The European Central Bank, or ECB’s, unprecedented move to issue clear guidance on its future monetary policy stance was welcomed by markets, which did not expect such clarity from policymakers, but the move also triggered a debate about the short and long-term impacts of such forward-looking statements from central banks.

Most economists lauded the ECB President Mario Draghi's “policy innovation,” and said the move could reduce volatility in the markets, which in turn, would allow greater flexibility to the central bank on monetary policy decisions.

“What today’s shocker says to the market is that Super Mario (in reality not just him, but the rest of the Governing Council, after all it was unanimous…) is dragging the ECB, however slowly, into the realm of innovative, experimental central bank policy making in the mould of the BoE, Fed, BoJ, etc.,” Credit Agricole said, in a note to investors.

Reacting to Draghi’s move, Kit Juckes, a strategist at Societe Generale, said that the move will help to stabilize interest rates and the markets.

“A guarantee of super-low rates for a really long time will help companies avoid default as a result of higher rates and threatens to force yield-hungry investors back to the market, buying at lower yields than they probably wanted to,” Juckes said, according to MarketWatch.

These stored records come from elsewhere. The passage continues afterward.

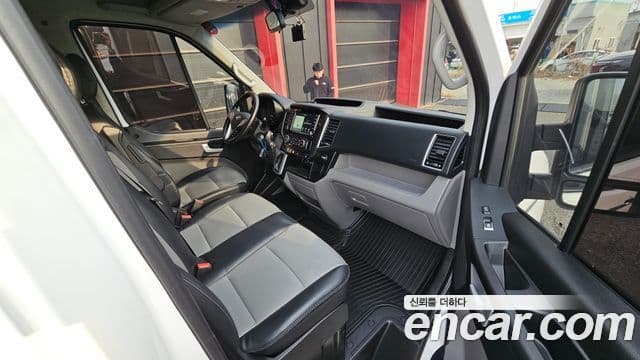 Hyundai 쏠라티 лимузин, 2018 7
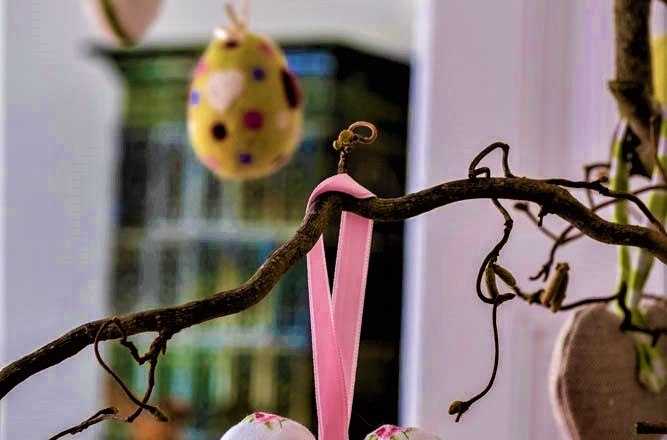 Loving decoration, © Gluschitz-Goebel Decorative branch with hanging fabric hearts and colorful eggs.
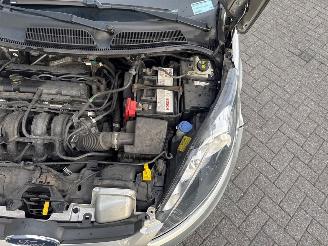 Ford Fiesta 1.25 16V Hatchback  Benzine 1.242cc 44kW (60pk) FWD picture 25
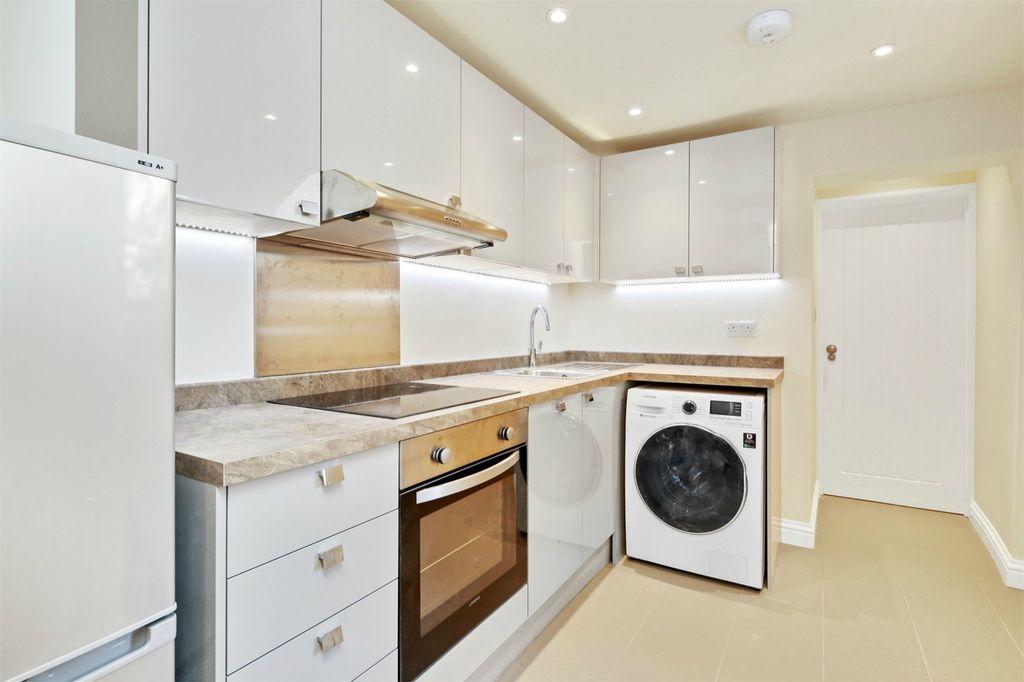 Property photo 1 of 10 1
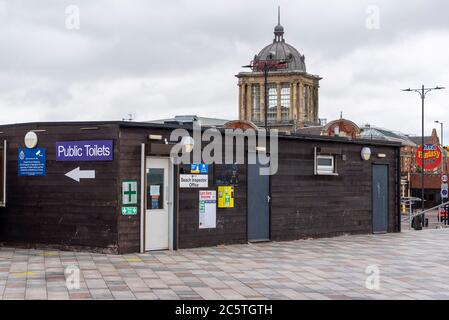 Bureau de l'inspecteur de la plage sur Marine Parade, avec lieu d'événement Kursaal à Southend on Sea, Essex, Royaume-Uni. Esplanade est. Bureau des équipements de bord de mer Banque D'Images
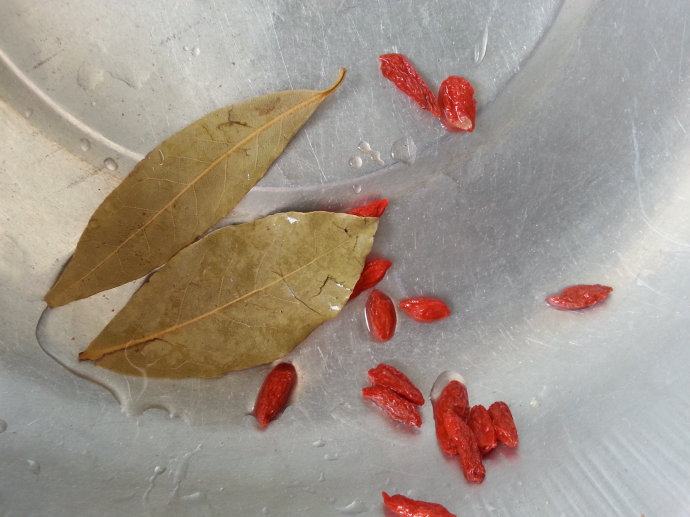 玉米鲍菇排骨汤步骤4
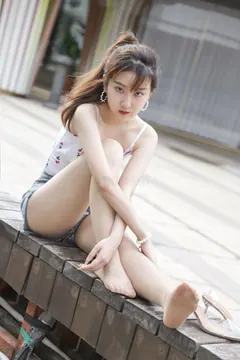 [SiHua思话]SJ043 露露 丝蜜天台 [49P/64.7MB] - 3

Draghi, after a policy meeting on Thursday, issued a forward-looking guidance stating, “We have injected a downward bias in interest rates for the foreseeable future." Earlier, an official statement from the ECB said: “The Governing Council expects the key ECB interest rates to remain at present or lower levels for an extended period of time.”

This constitutes a significant departure from its earlier stance of refraining from "pre-committing “to a policy course. The ECB's move Thursday followed a similar and unusual step from the Bank of England, which in its statement, also hinted at low interest rates for the foreseeable future.

However, the Credit Agricole report observed that Draghi did not explicitly mention what an “extended period” could mean and that this could lead to considerable uncertainty “over the exact content of the ECB’s commitment.”

Although Draghi rejected views that the ECB’s decision was aimed at offsetting the impact of the U.S. Federal Reserve’s comments about winding down its bond-buying program, economists pointed out that the adverse spillover effect from the Fed's statement over global markets, could have had a bearing on the ECB’s latest statement.

“One objective result of forward guidance, whatever its fragility in the face of actual changes in underlying macroeconomic and monetary conditions, should be to reduce short-expiry implied volatility, which has risen everywhere once the Fed’s QE ‘taper’ language started exiting market nerves,” the Credit Agricole report said.